▸ **WHAT TO DO**:
Exactly the lines below starting at the line with "Used 2024 Jeep" and ending at the line with "منطقة خارجية لإقامة الولائم والاحتفالات" are wanted, with both ends included. Leave out the pictures and add no other lines.

=== SUPPLIED MATERIAL ===

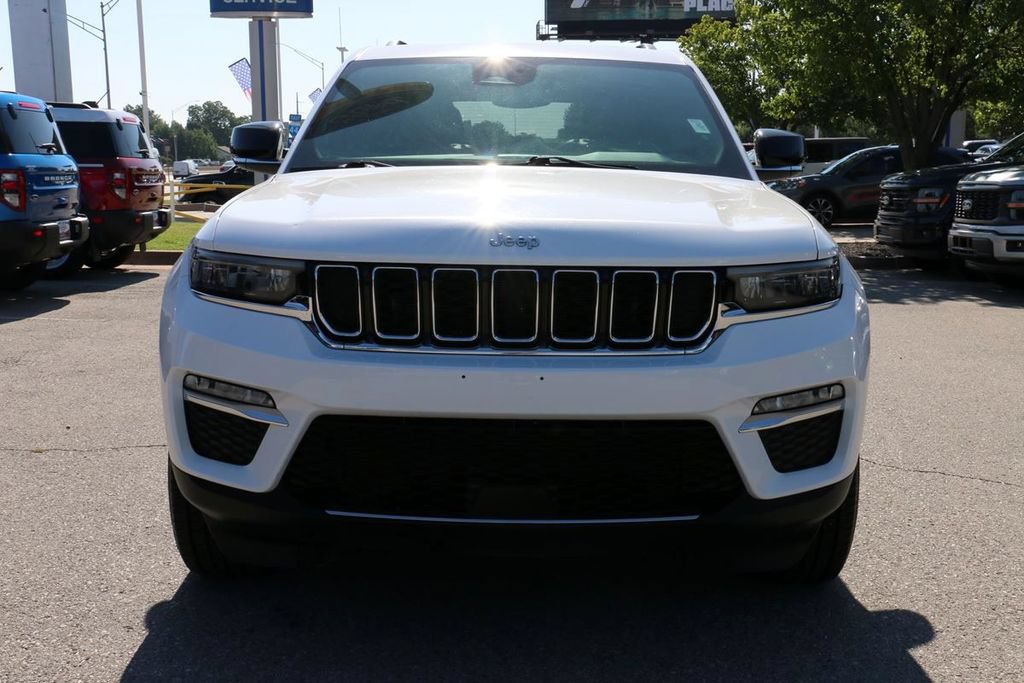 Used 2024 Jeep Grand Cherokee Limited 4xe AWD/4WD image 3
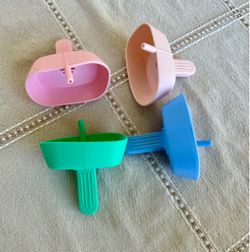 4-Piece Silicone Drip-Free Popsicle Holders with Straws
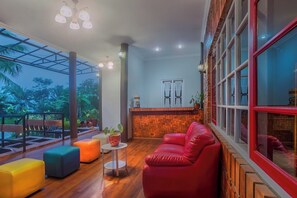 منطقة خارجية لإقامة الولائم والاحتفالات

===
=== SUPPLIED MATERIAL ===

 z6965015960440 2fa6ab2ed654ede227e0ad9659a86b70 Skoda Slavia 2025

===
=== SUPPLIED MATERIAL ===

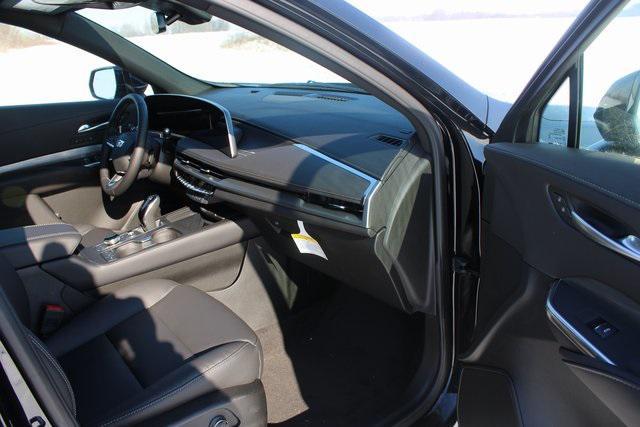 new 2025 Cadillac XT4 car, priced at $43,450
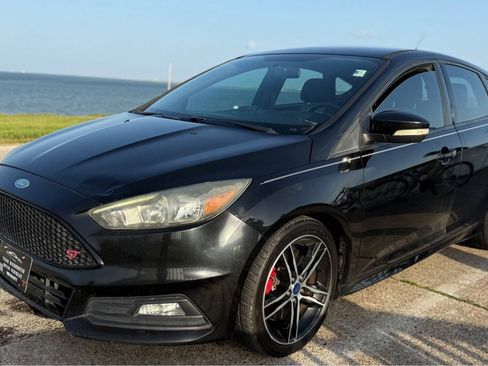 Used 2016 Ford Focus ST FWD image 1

===

▸ **TASK RESULT**:
 Used 2024 Jeep Grand Cherokee Limited 4xe AWD/4WD image 3
 4-Piece Silicone Drip-Free Popsicle Holders with Straws
 منطقة خارجية لإقامة الولائم والاحتفالات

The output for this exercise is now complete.